In a star schema each logical dimension is denormalized into one table,
while in a snowflake, at least some of the dimensions are normalized.
Star Schema | Snowflake Schema |
---|---|
denormalized structure | normalized structure |
high redundancy | low redundancy |
uses more space | uses less space |
simple design | complex design |
easy to understand | hard to understand |
simple joins | complex joins |
faster query excecution | slower query excecution |
faster cube processing | slower cube processing |
The multidimensional data model is an integral part of On-Line Analytical Processing. Because OLAP is on-line, it must provide answers quickly; analysts pose iterative queries during interactive sessions, not during batch jobs that run overnight. And because OLAP is also analytic, the queries are complex. The multidimensional data model is designed to solve complex queries in real time.

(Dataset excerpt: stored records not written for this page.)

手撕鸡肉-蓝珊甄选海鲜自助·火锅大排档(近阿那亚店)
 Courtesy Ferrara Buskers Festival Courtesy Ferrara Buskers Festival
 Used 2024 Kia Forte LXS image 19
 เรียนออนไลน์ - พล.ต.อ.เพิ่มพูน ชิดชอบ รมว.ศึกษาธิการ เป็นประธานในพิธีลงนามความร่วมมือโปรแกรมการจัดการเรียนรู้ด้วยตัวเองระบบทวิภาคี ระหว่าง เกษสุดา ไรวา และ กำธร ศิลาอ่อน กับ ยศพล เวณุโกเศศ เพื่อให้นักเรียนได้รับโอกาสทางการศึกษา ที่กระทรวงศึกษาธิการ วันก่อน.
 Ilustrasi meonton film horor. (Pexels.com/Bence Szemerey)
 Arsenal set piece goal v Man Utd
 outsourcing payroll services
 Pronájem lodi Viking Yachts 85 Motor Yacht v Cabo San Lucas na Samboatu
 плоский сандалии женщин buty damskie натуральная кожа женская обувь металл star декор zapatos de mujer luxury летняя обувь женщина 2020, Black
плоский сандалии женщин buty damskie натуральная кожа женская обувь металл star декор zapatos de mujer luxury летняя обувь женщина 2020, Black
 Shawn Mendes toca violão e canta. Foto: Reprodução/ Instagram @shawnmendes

It is composed of logical cubes, measures, dimensions, hierarchies, levels, and attributes.
The simplicity of the model is inherent because it defines objects that represent real-world business entities. Analysts know which business measures they are interested in examining, which dimensions and attributes make the data meaningful, and how the dimensions of their business are organized into levels and hierarchies.
The Apache Hive™ data warehouse software is a project built on top of Apache Hadoop that facilitates reading, writing, and managing large datasets residing in distributed storage using SQL.
Hive Transactions - documentation
With the addition of transactions in Hive 0.13 it is now possible to provide full ACID semantics at the row level, so that one application can add rows while another reads from the same partition without interfering with each other. If a table is to be used in ACID writes (insert, update, delete) then the table property "transactional=true" must be set on that table. Note, once a table has been defined as an ACID table via TBLPROPERTIES ("transactional"="true"), it cannot be converted back to a non-ACID table, i.e., changing TBLPROPERTIES ("transactional"="false") is not allowed.
UI – The user interface for users to submit queries and other operations to the system.
Driver – The component which receives the queries.
Compiler – The component that parses the query, does semantic analysis on the different query blocks and query expressions and eventually generates an execution plan with the help of the table and partition metadata looked up from the Metastore.
Metastore – The component that stores all the information about the structure of various tables like their schema (column types), location on HDFS, and partitions in a relational database.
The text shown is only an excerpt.